I have made a jail for fail2ban with this regex:
failregex = ^<HOST> .*"GET .*/forward\?path=
Everything is working fine except that the IP address that are banned (see <IP ADDRESS> in the log) are the IP of google and other very well known companies.
I really don't understand why it is like this; I mean why should I ban google and the other companies and If not, Why should I accept all those inappropriate request to my server.
I would like to clarify my questions, as it was poorly explained:
1-Why Google IP (and other known companies) are doing those kind of "porn" requests
2-Is there any meaning to "/forward?path=..." is it an apache feature?
3-How to handle this problem without stopping the "good" bots to reference my sites.

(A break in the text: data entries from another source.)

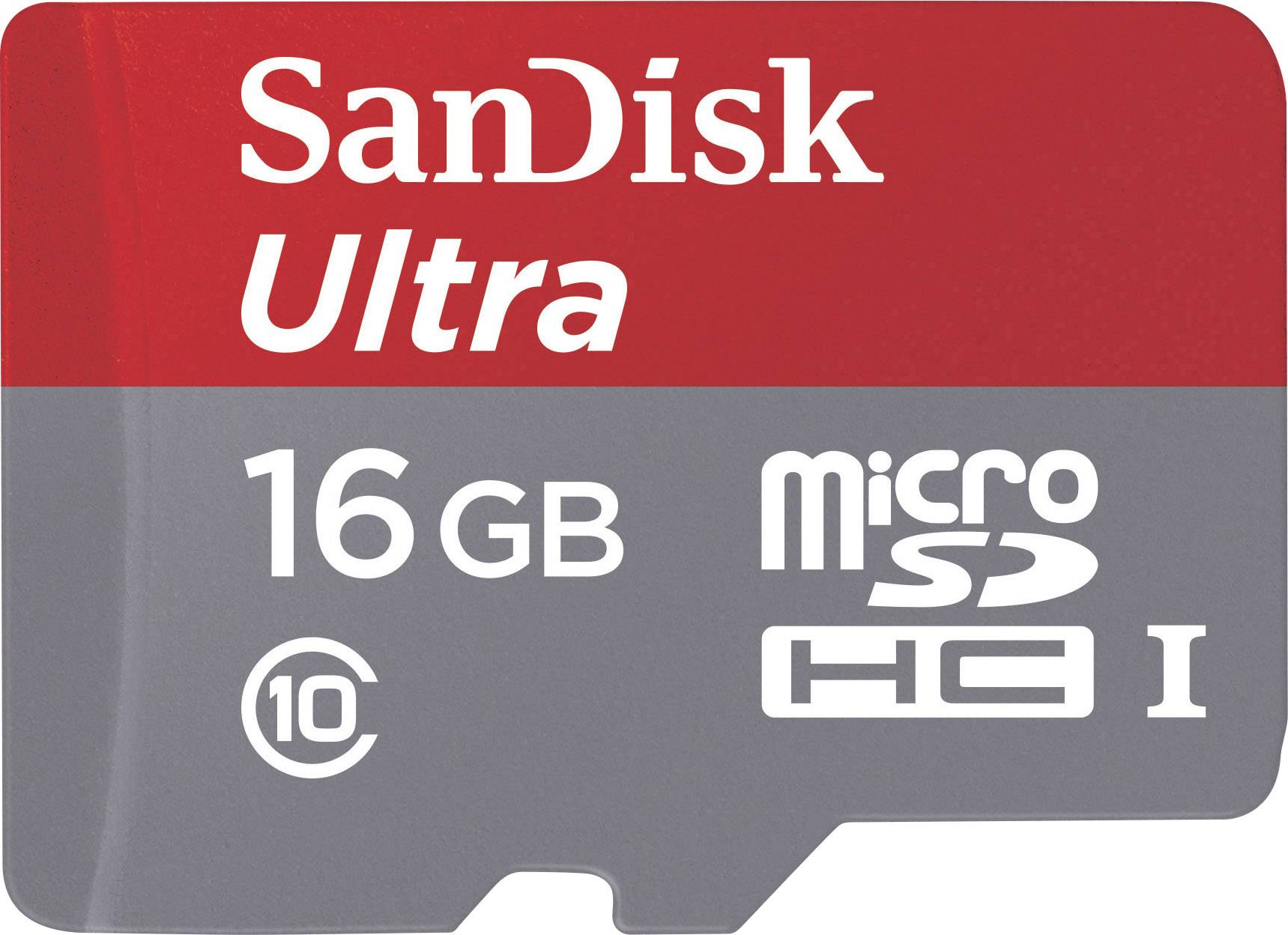 SanDisk Ultra® microSDHC-Karte 16 GB Class 10, UHS-I inkl. SD-Adapter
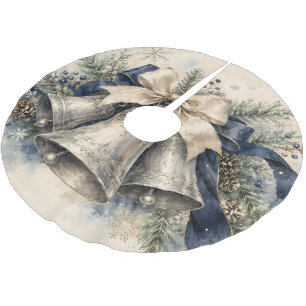 Jupon De Sapin En Polyester Brossé Clochettes de Noël Élégantes en Argent Aquarelle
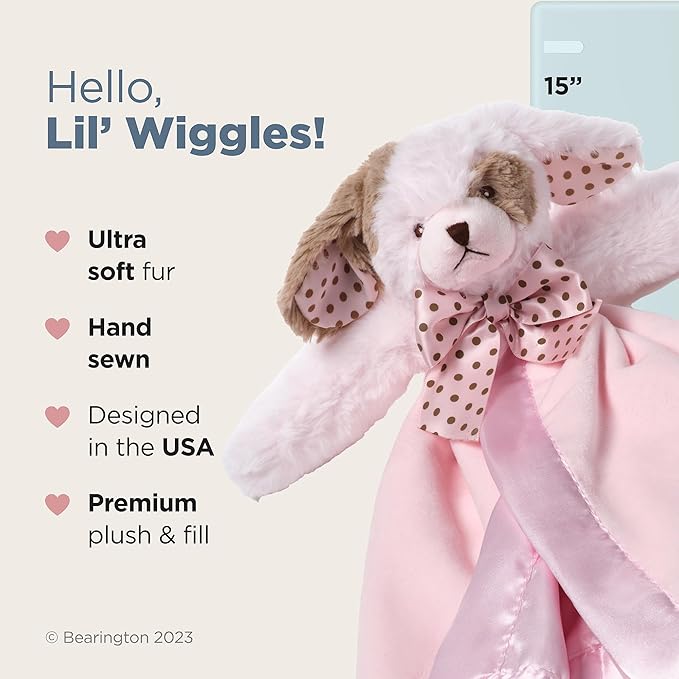 Bearington Baby Wiggles Snuggler, 15 Inch Pink Puppy Dog Plush Stuffed Animal Security Blanket Lovey for Babies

Thanks by advance for any help!
Adding
User-agent: *
Disallow: /forward
to your robots.txt will keep all bots away from visiting all pages beginning with /forward
. They will continue to visit and index other pages.
If you want to allow /forward?path=something_nice
but not /forward?path=very_bad_link
, you can do that:
User-agent: *
Disallow: /forward?path=a_specific_bad_link
Disallow: /forward?path=another_bad_link
This may be entirely innocent. Perhaps someone has mistakenly linked to your site, perhaps the page used to exist and no longer does.
This may be due to a link on your own site that points to this URL. Check for that.
In the worst case, it might be people using you as an unwitting proxy. Make sure that the server does not serve anything when /forward
is requested, and check the logs for anything else suspicious.
It may take a while for the requests to stop. Robots do not request your robots.txt every time, and you will have to wait for them to update.
However, if they don't eventually stop, it means they are malicious bots, and spoofing the Googlebot user-agent. robots.txt provides instructions to the robot. Good-willed bots honour them, but they can't force a malicious robot to stay away. You then need a solution like fail2ban.